Party leader Adam Bandt rejects this.

“We end the year with more MPs across the country than we had when we started,” he tells The Saturday Paper, pointing to strong results in the Tasmanian and Northern Territory elections, as well as various local government contests.

“In Queensland, our vote went up, but we lost a seat when LNP preferenced Labor ahead of us. In the ACT, after years in government, our vote dipped by 1 per cent, compared with Labor’s 3 per cent drop.”

The party is still doing well in opinion polls. On average across the major polls, according to analysis by Guardian Australia earlier this month, the Greens were sitting on 13.4 per cent of the first preference vote, up from 12.3 at the 2022 election. Labor was down more than five points, the Coalition up 2.2 and other minor parties and independents also up 2.2.

So the attacks on the Greens had not hurt them much, and seem not to have helped Labor. That said, Bandt worries that internecine hostility between the progressive parties could ultimately only benefit the Coalition. He concedes that the Greens’ efforts over this parliamentary term to push Labor to adopt more progressive policies “haven’t always been pretty” and were a source of frustration to some voters.
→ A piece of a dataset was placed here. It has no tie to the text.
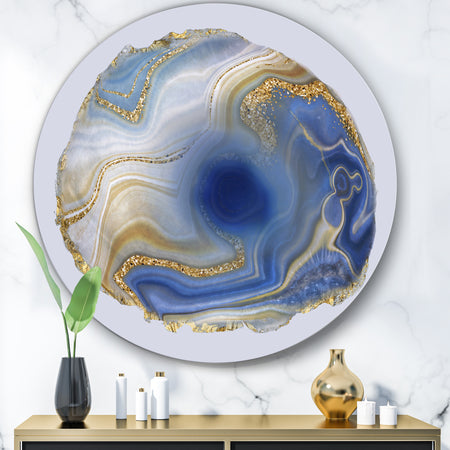 Ocean Blue Golden Jasper Agate I - Glam Round Circle Metal Wall Decor Panel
“But pressure works,” he says, citing the extra $3 billion for public and community housing that the Greens secured as the price of passing the government’s Housing Australia Future Fund. But with the clock ticking down on the 47th parliament, the progressive party has changed tack.  In a new spirit of cooperation on Thursday, the Greens expedited the passage of a raft of Labor bills through the Senate and in return they won a further $500 million for social housing upgrades and a promise there would be no funding for fossil fuel projects under Labor’s Future Made in Australia legislation.

It is notable that in announcing the decision to support Labor’s housing bills, the Greens’ housing spokesperson Max Chandler-Mather emphasised the importance of stopping the Coalition from winning government. So did Hanson-Young in her weekend appearance on the ABC’s Insiders. And so does Bandt.

“There comes a point,” he says, “where you’ve pushed as far as you can. [On the housing bills] we just accepted that Labor wasn’t going to act on negative gearing or capping rent increases. We realised it’s now time to put the legislation through, and turn the focus to the election, where the goal is to keep Dutton out and, in a minority parliament, to tackle some of those bigger issues.”

He enumerated some: extending Medicare to cover dental and mental health, making education and GP visits free, stopping new fossil fuel developments, seriously tackling climate change and environmental degradation and “making those one-in-three big corporations who pay no tax, pay for it”.

It all depends, of course, on the defeat of what Bandt calls the “Trumpian” Dutton opposition and election of a Labor government dependent on the votes of the Greens and community “teal” independents – with whom the Greens maintain close relationships.

“But I think it could be incredibly productive,” he says. “I think this time around, the penny may drop for Labor, that there’s benefit in working well with others.”

His optimism is pretty tenacious, given the recent evidence of Albanese’s attitude.